Review
The best is saved for last…
Viscount David Hastings has always loved Helena Fitzhugh from afar. Up close he’s despicable, rude, and crude. She absolutely hates him. Her love has always belonged to another, until the day she’s in a carriage accident. From that moment on everything changes, but waiting for her memories to return is like waiting for a bomb to explode. Can Hastings secure her love before the worst happens, before she remembers the man he once was?
So… my review of Ravishing the Heiress in July was a 5 star. I really thought that was the best it could get. I was wrong. It got better. Tempting the Bride blows the 2nd book of the Fitzhugh series out of the water. How can I say that definitively? Because this book brought me to tears, and I don’t typically cry while reading a book.
The emotional turmoil of the hero Hastings and his devoted love made the pages fly. I was enchanted by the way this man carried a torch for one woman, and effectively made her hate him with every action. My mom always used to tell me that if a boy bit you then he liked you. Well, Hastings bit Helena one too many times. Now he’s relegated to the back recesses of her mind as the worst man alive. He’s a family friend and uses that as his excuse for constantly trying to save her from her own folly. How Helena could think Hastings was selfish in the least bit is beyond me. My favorite part is when he finally confesses his love for her:
“Do you remember what I told you about melting into a puddle at my first sight of you?”

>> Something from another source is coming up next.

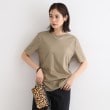 インディヴィ(INDIVI)の【洗える/コットン100%】裾デザイン大人Tシャツ カーキ(029)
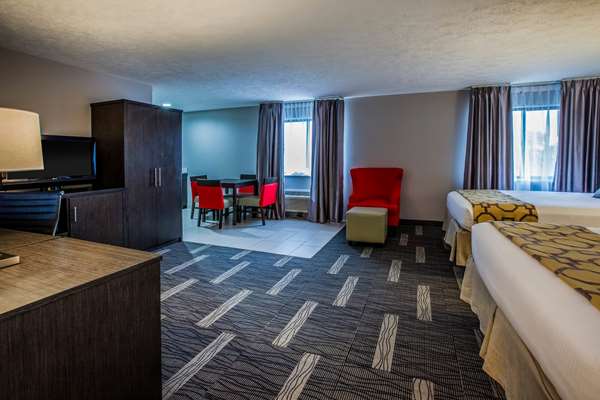 Suite - Baymont Inn & Suites Traverse City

She smiled just perceptibly. “Yes.”
“My sentiments were not reciprocated. You took a look at me and went back to your books...I, on the other hand, fell madly in love. And when I realized that I was invisible to you, I resorted to gaining your attention by any means possible.”
Helena at first was the heroine you loved to hate, and I was anxious to see how this would play out. Her accident is stroke of luck, profound luck. She’s an entirely different person then what I experienced in the previous books and I loved the new Helena. She was open, fresh, and more apt to share parts of her amazing personality because she didn’t despise Hastings any longer.
The pacing of the story was perfect, the dialogue crisp, and honestly Hastings and Helena know how to throw an insult. There is plenty of conflict and growth from the characters, no sagging middle… writers long to write this type of book. I did fear that Thomas would have to rush Helena’s memory recovery, but everything was plotted in such a way that I felt neither rushed nor let down at any point.
There are a few bits with the other Fitzhugh’s and their spouses, which made the trilogy, as a whole, wrap up nicely. I also enjoyed the book within the book, and already have The Bride of Larkspear in my sights.
Bottom line: this is the best Historical of 2012. If you read one Historical this entire year, even if you eschewed Historical in favor of another genre, you have to read Tempting the Bride.